As an English major at LSU, I ran into similar commentary from more people than I care to admit. “English, huh? Well, that’s a husband hunting major.” Which, in case you were wondering, translates like this: “Well aren’t you cute, little lady, with your fluffy major.”

“What am I going to do with that? Watch.”

As a teacher for the last 20 years, the script has seen few revisions. “Well, I mean, it’s not like you have a real job…you get off at 3:00 after all and those summers, I would love to have summers off…I mean if you were really capable, you wouldn’t be justa teacher” And nearly every time I’ve heard these words, I’ve simply imagined my mom facing my grandfather, the challenge she met with a quiet fury, and the accomplishments that followed.

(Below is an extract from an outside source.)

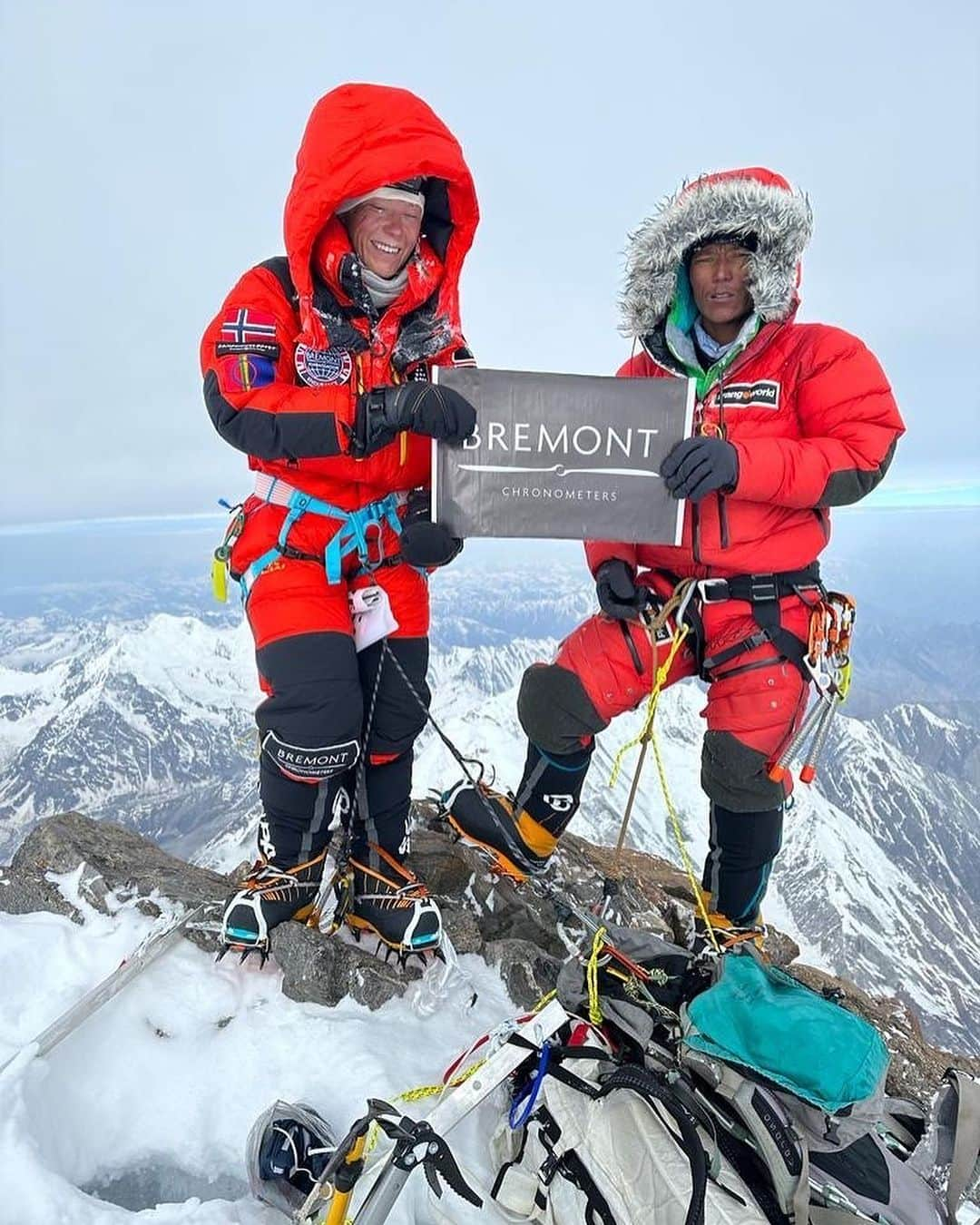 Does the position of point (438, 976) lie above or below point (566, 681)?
below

Sure I’ve been baited into argument over these statements…I am the daughter of an attorney after all—I know how to build a pretty formidable case and sometimes, I cannot resist. But more often than not, my response is a quiet, internal impulse to excel, to achieve, to succeed.

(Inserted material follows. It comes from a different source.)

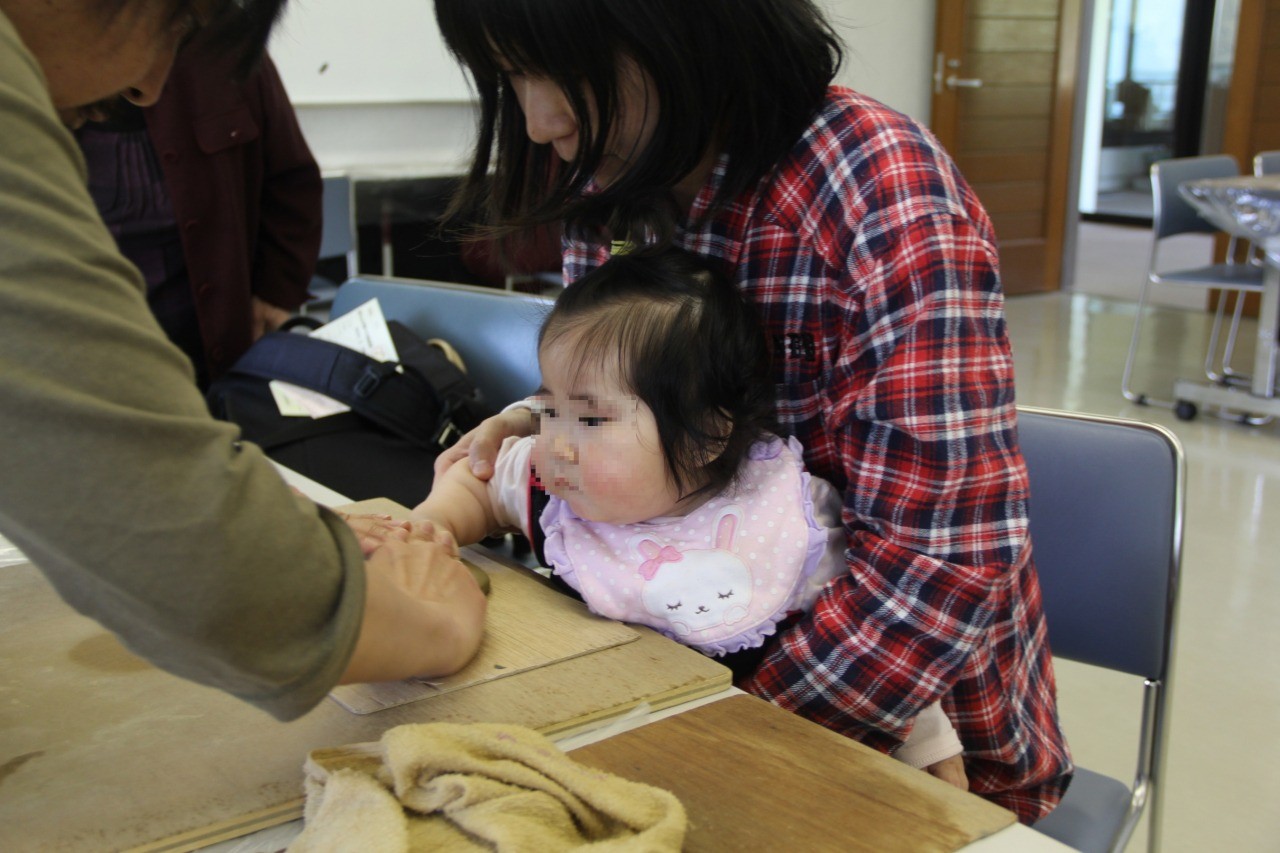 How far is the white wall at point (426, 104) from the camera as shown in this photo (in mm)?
4789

“What am I going to do with that? Watch.”

These diminishing questions make a statement that extends far beyond a major or a profession. Women have been enduring “well-meaning” demeaning commentary for centuries and continue to carry the burden of having to prove themselves equal, worthy of being heard, and strong enough to lead.

This past August, my mom and her business partner sold their court reporting firm and she finally stepped into a much-deserved retirement. As she began planning for her days without the stress of work and owning a business, I was stepping out of my classroom and into a far more stressful position—Head of High School. The juxtaposition of these two moments struck me and I think that maybe for the first time in my life I fully understood the weight of my mom’s example in my life.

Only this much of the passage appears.